Paisley still slips a lot. We’re worse than two junkies needing a hit and can only get it from each other.  But each time she comes back to me, it’s like my entire world is right again. It’s Paisley and me versus everyone else. With her, I win races, I take on my bastard of a father... I conquer the world. I’m ten-feet tall and bulletproof.

Nothing can get past me,
until now
.

The baby in my arms opens her eyes and gazes at me, all kitten-like as she moves. My defenses fall, useless.

I’m in love, completely, hopelessly, nobody-better-ever-lay-a-hand-on-her in love. It’s nothing like I’ve ever felt before, not even with Paisley. This...this is all encompassing; it’s heart breaking and heart mending at the same time. This tiny bundle owns me, in the best possible way.
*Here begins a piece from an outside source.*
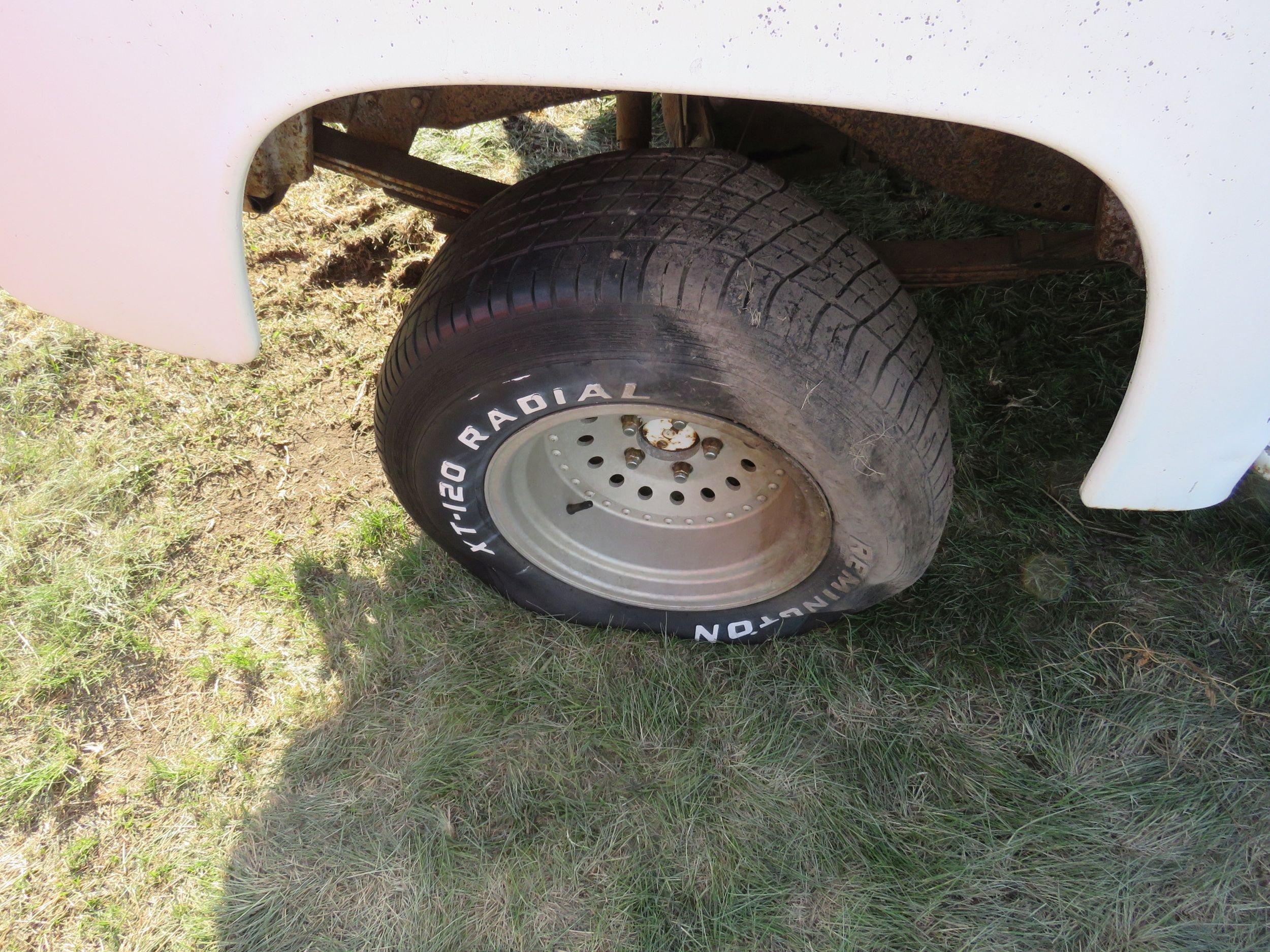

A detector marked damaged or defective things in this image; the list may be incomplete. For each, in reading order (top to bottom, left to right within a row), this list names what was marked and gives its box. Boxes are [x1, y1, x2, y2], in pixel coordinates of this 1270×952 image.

rusty bracket [312, 125, 505, 227] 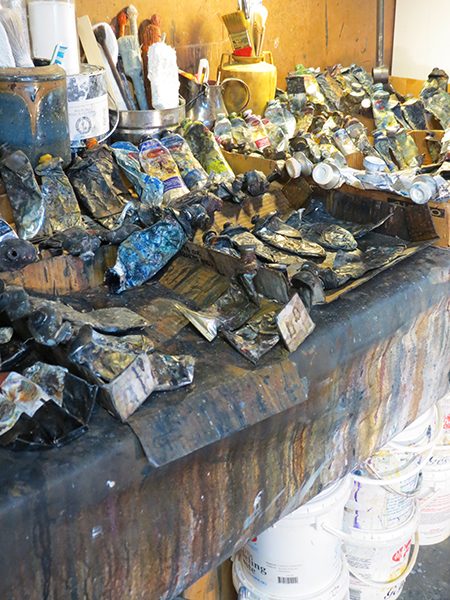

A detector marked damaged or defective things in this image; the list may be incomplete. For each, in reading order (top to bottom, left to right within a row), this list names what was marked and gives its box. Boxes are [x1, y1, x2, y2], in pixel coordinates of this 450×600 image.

rusty metal surface [0, 246, 448, 596] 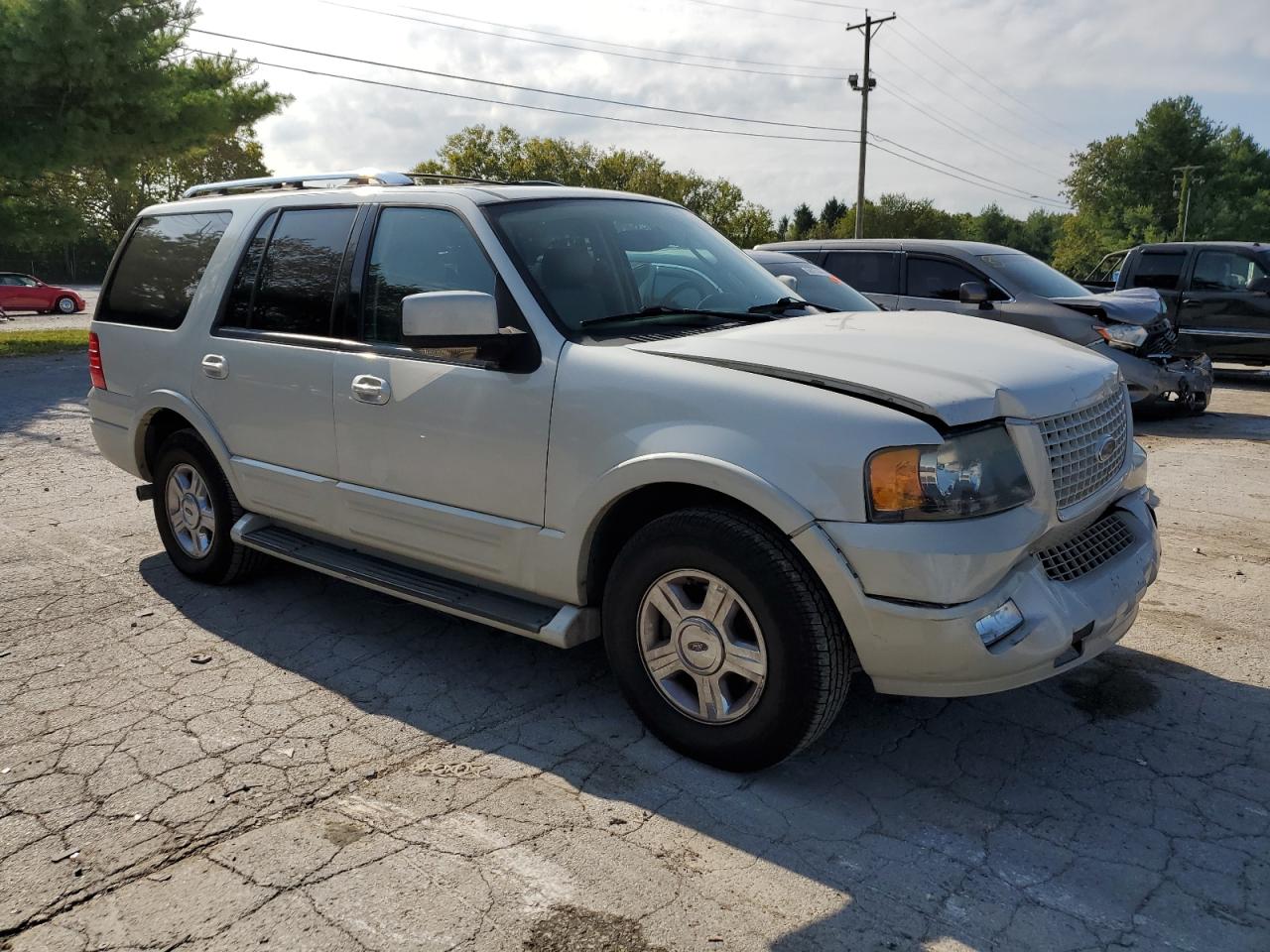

“Did you decide on a name yet?” I ask, not taking my eyes off my daughter as I count her toes and fingers. Ten of each. I kiss her hand, drawing her baby scent inside of me. I want to memorize it, and her features, just in case the nurse tries to bring us back the wrong one.

“Mia Sawyer.”

I frown and glance at Paisley. She’s lying in the hospital bed, her face pale and her dark hair pulled into a loose bun on top of her head. She looks exhausted, as she should, but I’m too confused by her response to not question her decision.

“Not Montgomery?”

Her blue eyes grow hard, her lips thinning.  “We’ve been through this—”

“I gave up everything for you,” I say softly, but I make sure Paisley knows I’m not backing down. “For the three of us.”

“Didn’t ask you to,” she snaps.

“Of course you didn’t.” I walk to the window, careful to balance Mia in the crook on my arm. “I wanted to give it up. I don’t regret it, not for one minute. It was worth it to have you and Mia in my life. We’re a family now.”

Paisley laughs and instead of warming my heart, it chills it. “Beau, you are so stupid. So gullible and—”

Turning, I pin Paisley with a glare. “Why are you saying that?”